Ebelik mesleği geleneksel anlamda doğumları yaptıran, gebelik ve lohusalık döneminde bakım veren sağlık elemanı olarak algılanır. Oysa, ülkemizde, özellikle köylerde hizmet veren ebeler toplumun sağlık düzeyinin yükseltilmesi konusunda çalışan, tedavi hizmetlerinde hemşirelik görevi alan, okul sağlığı, halkın eğitimi, toplum kalkınmasına yardım eden, hatta gerektiğinde çevre sağlığı konularında hizmet veren kişilerdir. Bu nedenle, özellikle köy ebeleri “halk sağlığı elemanı” olarak kabul edilmelidir.
Ebelik konusundaki önemli bir konu “geleneksel ebe” olarak tanımlanan eğitimsiz ve yetkisiz halk ebeleri (ebe-nine) ile mücadeledir. Nitekim, 1928 yılında çıkartılan “1219 sayılı Tababet ve Şuabat-ı Sanatlarının Tarz-ı İcrasına Dair Kanun” geleneksel ebelerin doğum yapmalarına yasak getirmiştir. Ancak, o tarihte diplomalı ebe sayısının çok az olması (136 adet) nedeniyle bu hükmün uygulanması ne yazık ki uzunca bir süre mümkün olamamıştır.
Ülkemizde ebelik eğitimine 1842 yılında başlanmış olmakla birlikte başarı sağlanamadı. Ebelik mesleğinin dönüşümünde önemli rol oynayan Dr. Besim Ömer (Akalın) Paşa tarafından 1892’de ülkenin ilk doğumevi (viladethane) açıldı. 1909’da ise Kadırga’da bir Ebelik Mektebi kuruldu. “Ebelerin ebesi” unvanı verilen Dr. Besim Ömer, bu dönemde “ideal ebe tiplojisi”ni de belirledi. Buna göre ebeler sır saklayan, zengin fakir demeden her çağrıldığı yere giden, okulda öğrendiklerini aktararak halkı kocakarı tavsiyelerinden kurtaran kişiydi.

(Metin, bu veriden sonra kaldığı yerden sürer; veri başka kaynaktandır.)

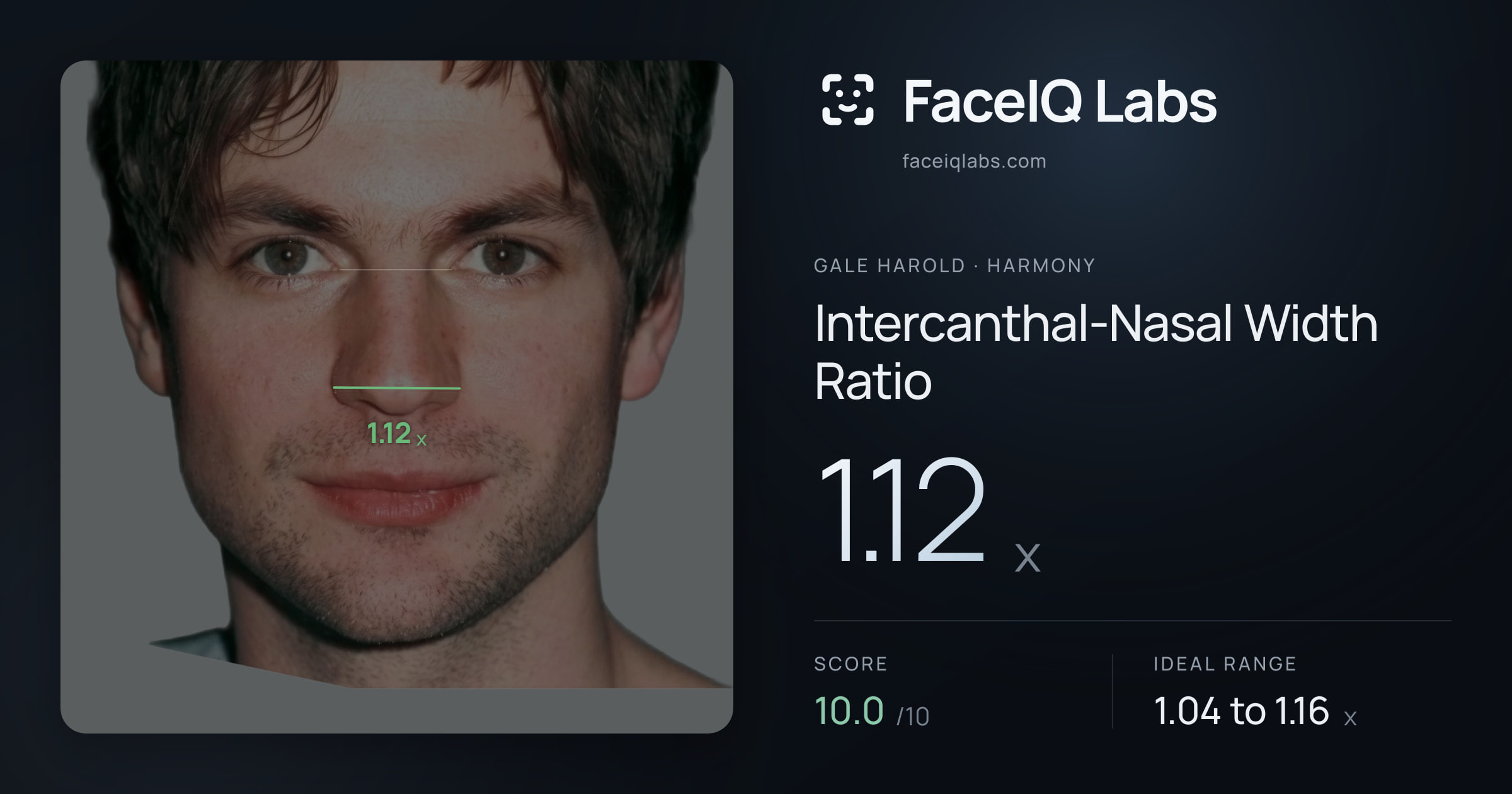 Gale Harold Intercanthal-Nasal Width Ratio: 1.12x, drawn on the photo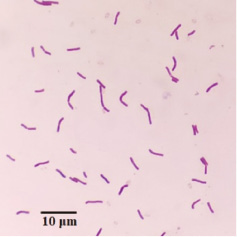 Screening of antibacterial activities of Bacillus spp. isolated from ...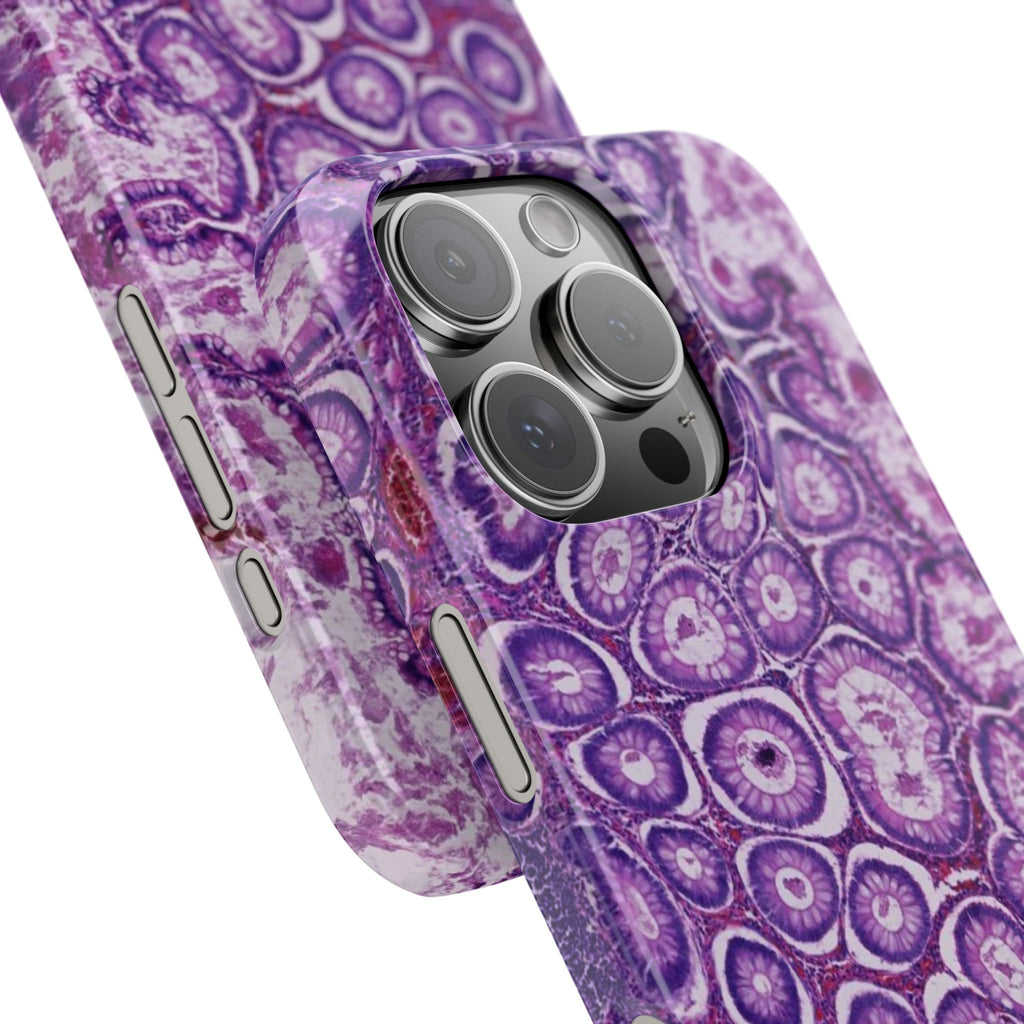 Slim Case Peutz-Jeghers Polyp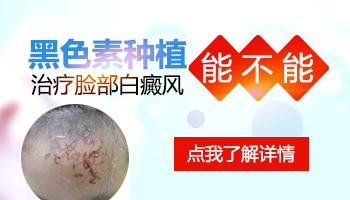 脸部白癜风大概需要多久能治好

Cumhuriyet döneminde de diplomalı ebe sayısını attırmaya yönelik girişimler oldu ve İstanbul’daki mektebin haricinde elli kişilik Ebe Talebe Yurdu kuruldu. Numune Hastanelerinde ebelere yönelik kısa kurs programları düzenlendi. O tarihte ülke nüfusunun yaklaşık yüzde sekseninin köylerde yaşadığı dikkate alınarak 1936 yılında köy ebe okullarının açılmasına karar verildi.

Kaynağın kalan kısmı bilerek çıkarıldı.